C'est un drôle d'endroit pour parler de péréquation et du Québec: l'autobus de campagne de Danielle Smith file vers le sud de l'Alberta, entre les champs et les montagnes. Ses parents sont assis sur le banc d'en avant. Ses organisateurs, tous des ex-adjoints du gouvernement Harper à Ottawa ou des anciens du Reform Party, se partagent l'espace avec sa famille, son mari et ses deux chiens.

«Je ne critique pas les programmes sociaux, dit-elle. Je dis seulement que si vous voulez avoir ces programmes sociaux, l'Alberta ne devrait pas les payer.»

Si elle est élue première ministre de la province la plus riche du Canada ce soir, la chef du Parti Wildrose a promis de faire des pressions «agressives» sur Ottawa pour diminuer la péréquation, un programme fédéral de redistribution de la richesse qui rapporte plus de 7 milliards de dollars par année au Québec.

La province francophone est le plus grand bénéficiaire de ce système depuis sa création en 1957, et les Albertains critiquent depuis longtemps certains programmes sociaux québécois qu'ils ne se permettent pas chez eux - les garderies à 7$, entre autres.

Le gouvernement albertain a souvent promis de s'attaquer à cette question. «Le Parti conservateur parle beaucoup, mais il ne ferait pas grand-chose», précise cependant le politologue Duane Bratt, de l'Université Mount-Royal, à Calgary.

«Le Wildrose ferait plus que japper. Le parti tenterait d'en faire un enjeu majeur.»

Il faut dire que les liens entre le Wildrose et les troupes de Stephen Harper sont étroits: «Je connais M. Harper et sa femme Laureen depuis un certain temps. Quand j'ai été candidate à la commission scolaire en 1998, Laureen était la designer graphique pour mon dépliant.»

Malgré tout, «je pense que la dernière chose que veut Harper, c'est une bataille sur la péréquation, croit Duane Bratt.

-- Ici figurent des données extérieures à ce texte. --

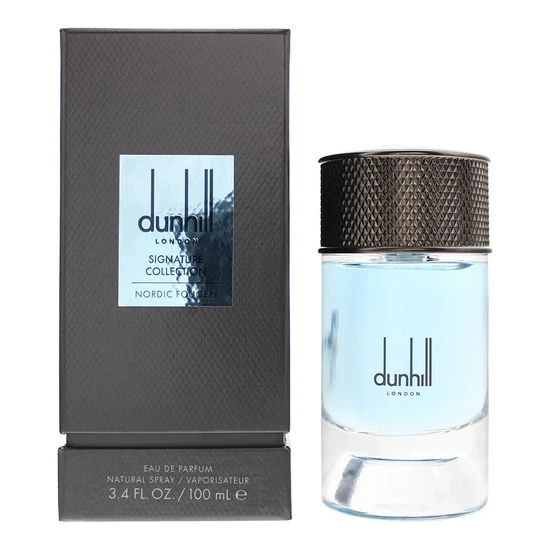 Dunhill London Nordic Fougere Eau De Parfum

Ça ne serait pas bon pour l'unité nationale, c'est le moins que l'on puisse dire».

Danielle Smith voit les choses autrement. «Je ne vois pas cela comme une menace du tout. Je vois cela comme une discussion positive à avoir» dit-elle.

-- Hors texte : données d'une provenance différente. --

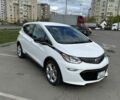 Белый Шевроле Вольт, объемом двигателя 0 л и пробегом 91 тыс. км за 20000 $, фото 1 на Automoto.ua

«Il doit y avoir des Québécois qui sont préoccupés par le niveau de dépendance relativement aux transferts d'Ottawa? Pourquoi ne voudraient-ils pas de notre aide pour devenir financièrement autosuffisants?»

Pour atteindre ses objectifs, elle évoque la possibilité de réduire les transferts de sa province à Ottawa en créant un régime de pension albertain, notamment. Elle parle aussi de transfert de points d'impôts ou de répartition d'une portion des surplus fédéraux selon une formule basée sur le nombre d'habitants.

Elle précise cependant que sa première démarche en tant que première ministre serait d'appeler ses homologues provinciaux pour trouver des terrains d'entente. «Je ne voudrais sûrement pas commencer avec une question sur laquelle je sais que nous aurons un grand désaccord.»

Elle souhaite notamment parler à Jean Charest de la promesse du Wildrose de militer pour inclure la reconnaissance du droit de propriété dans la Charte canadienne des droits et libertés.

Mais il faudra tôt ou tard parler de péréquation, dit-elle. Et plus tôt que tard - même si elle ne donne pas d'échéancier précis.

La «conversation» qu'elle souhaite avoir ne se fera pas sans heurts, estime le professeur Duane Bratt. «Les tensions entre l'Alberta et le Québec augmenteraient sous un gouvernement du Wildrose. Il n'y a aucun doute là-dessus.»